第5回 辰鳥跡をにごさず 白鳥・扇辰二人会 2010/5/27
久々の毘沙門寄席は扇辰師匠で幕開けです。怠け者の与太郎を世話する杢兵衛さんは、お前も商いをしてみろと勧めます。お馴染み「道具屋」は、ポワ~ンとした与太郎と同業の友蔵さんとの掛け合い、暇つぶしに立ち寄る客とのちぐはぐなやりとりが滑稽です。
続いての白鳥師匠、ワールドカップサッカーいよいよ間近を意識してか、お得意のアディダス着物の奇抜なスタイルで登場。演目は「ラーメン千本桜」。ご本人曰く、これは超大作とのこと。お仲入りを挟んで前・後編の二部に分けての長講です。
今は公園でラーメン屋台店主の高島裕次郎は、大手ラーメンチェーン「ゲンちゃんラーメン」の次男であり、東京ラーメン戦争を制した男であった。兄である慎太郎との確執から家を出て今の姿に…と、劇的なストーリー展開の予感。でもやっぱり珍妙な爆笑場面の連続。多くのハチャメチャな人物が登場するため、師匠もとうとう混乱か?名前をトチッてのやり直しがまたまた大笑いを誘いました。
後半は、いよいよ東西ラーメン王決定戦で九州ラーメン「平田屋」との対決。火傷を負わされた慎太郎に代わり試合に挑む裕次郎にも、難局が待ち構えます。自信のスープに小細工され窮地に陥りますが、小学生の弟子の一言からアメリカンドックを利用するという奇抜なアイデアで見事に優勝。兄弟間の確執も解けめでたし、めでたしのエンディングに会場は大喜びでした。まぁ、あんまり食べてみたいラーメンではありませんでしたがね。
トリは扇辰師の「五人廻し」。
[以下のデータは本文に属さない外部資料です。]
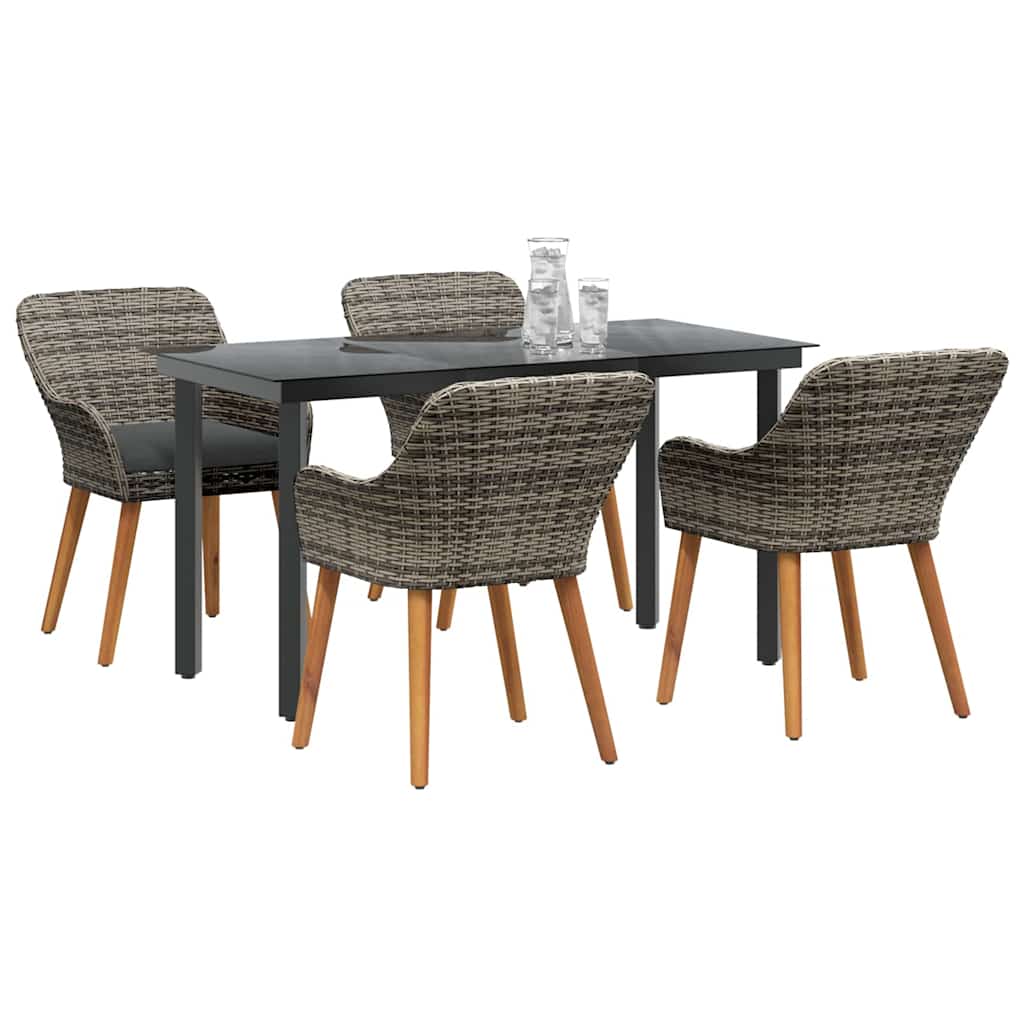 Garden Dining Set with Cushion 5 pcs Grey Poly Rattan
昭和の名人たちの名演も多く録音に残る、おかし味たっぷりの廓噺です。花魁がなかなか自分の部屋に現れないのを待ちくたびれた客たちが、口々に「玉代返せ」とこの店の若い衆(マネージャー)相手にクレームをつけます。職人・官吏・田舎モン・粋人と様々なタイプの客が、人物描写の巧みさで演じ分けられます。いやはや昔も今も接客業は大変ですね。
満員のお客様にも長袖とジャケット姿を多く見かけましたが、入梅前の肌寒い晩でした。